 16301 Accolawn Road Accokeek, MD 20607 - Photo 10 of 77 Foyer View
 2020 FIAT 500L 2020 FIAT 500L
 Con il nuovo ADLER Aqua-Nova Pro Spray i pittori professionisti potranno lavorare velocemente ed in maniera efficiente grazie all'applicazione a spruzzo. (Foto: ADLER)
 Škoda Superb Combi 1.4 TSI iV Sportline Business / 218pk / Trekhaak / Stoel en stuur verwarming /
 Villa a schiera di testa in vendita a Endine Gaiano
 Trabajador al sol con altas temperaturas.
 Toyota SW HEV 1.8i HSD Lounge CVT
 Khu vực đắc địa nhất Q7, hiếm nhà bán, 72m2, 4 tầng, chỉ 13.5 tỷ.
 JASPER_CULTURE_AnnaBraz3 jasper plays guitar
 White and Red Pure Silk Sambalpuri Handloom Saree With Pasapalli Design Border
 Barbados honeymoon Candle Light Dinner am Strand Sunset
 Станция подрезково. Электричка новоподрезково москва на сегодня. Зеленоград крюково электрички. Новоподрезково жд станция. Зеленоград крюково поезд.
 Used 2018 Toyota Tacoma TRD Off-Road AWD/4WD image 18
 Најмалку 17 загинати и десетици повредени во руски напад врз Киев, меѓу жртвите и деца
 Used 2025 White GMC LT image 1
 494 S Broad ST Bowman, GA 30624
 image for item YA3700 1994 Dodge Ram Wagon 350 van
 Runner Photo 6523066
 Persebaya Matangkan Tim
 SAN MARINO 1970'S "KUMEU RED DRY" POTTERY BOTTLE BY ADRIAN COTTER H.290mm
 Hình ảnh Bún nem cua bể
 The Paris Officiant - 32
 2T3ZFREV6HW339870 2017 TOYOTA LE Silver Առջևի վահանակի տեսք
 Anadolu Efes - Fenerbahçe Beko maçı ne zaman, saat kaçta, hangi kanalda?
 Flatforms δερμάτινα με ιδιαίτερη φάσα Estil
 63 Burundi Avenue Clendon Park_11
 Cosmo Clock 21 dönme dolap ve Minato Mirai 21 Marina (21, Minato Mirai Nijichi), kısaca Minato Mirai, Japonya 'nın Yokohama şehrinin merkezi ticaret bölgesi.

*Instructions for the task*
Could you retype every record above exactly as written?

*Problem solution*
 16301 Accolawn Road Accokeek, MD 20607 - Photo 10 of 77 Foyer View
 2020 FIAT 500L 2020 FIAT 500L
 Con il nuovo ADLER Aqua-Nova Pro Spray i pittori professionisti potranno lavorare velocemente ed in maniera efficiente grazie all'applicazione a spruzzo. (Foto: ADLER)
 Škoda Superb Combi 1.4 TSI iV Sportline Business / 218pk / Trekhaak / Stoel en stuur verwarming /
 Villa a schiera di testa in vendita a Endine Gaiano
 Trabajador al sol con altas temperaturas.
 Toyota SW HEV 1.8i HSD Lounge CVT
 Khu vực đắc địa nhất Q7, hiếm nhà bán, 72m2, 4 tầng, chỉ 13.5 tỷ.
 JASPER_CULTURE_AnnaBraz3 jasper plays guitar
 White and Red Pure Silk Sambalpuri Handloom Saree With Pasapalli Design Border
 Barbados honeymoon Candle Light Dinner am Strand Sunset
 Станция подрезково. Электричка новоподрезково москва на сегодня. Зеленоград крюково электрички. Новоподрезково жд станция. Зеленоград крюково поезд.
 Used 2018 Toyota Tacoma TRD Off-Road AWD/4WD image 18
 Најмалку 17 загинати и десетици повредени во руски напад врз Киев, меѓу жртвите и деца
 Used 2025 White GMC LT image 1
 494 S Broad ST Bowman, GA 30624
 image for item YA3700 1994 Dodge Ram Wagon 350 van
 Runner Photo 6523066
 Persebaya Matangkan Tim
 SAN MARINO 1970'S "KUMEU RED DRY" POTTERY BOTTLE BY ADRIAN COTTER H.290mm
 Hình ảnh Bún nem cua bể
 The Paris Officiant - 32
 2T3ZFREV6HW339870 2017 TOYOTA LE Silver Առջևի վահանակի տեսք
 Anadolu Efes - Fenerbahçe Beko maçı ne zaman, saat kaçta, hangi kanalda?
 Flatforms δερμάτινα με ιδιαίτερη φάσα Estil
 63 Burundi Avenue Clendon Park_11
 Cosmo Clock 21 dönme dolap ve Minato Mirai 21 Marina (21, Minato Mirai Nijichi), kısaca Minato Mirai, Japonya 'nın Yokohama şehrinin merkezi ticaret bölgesi.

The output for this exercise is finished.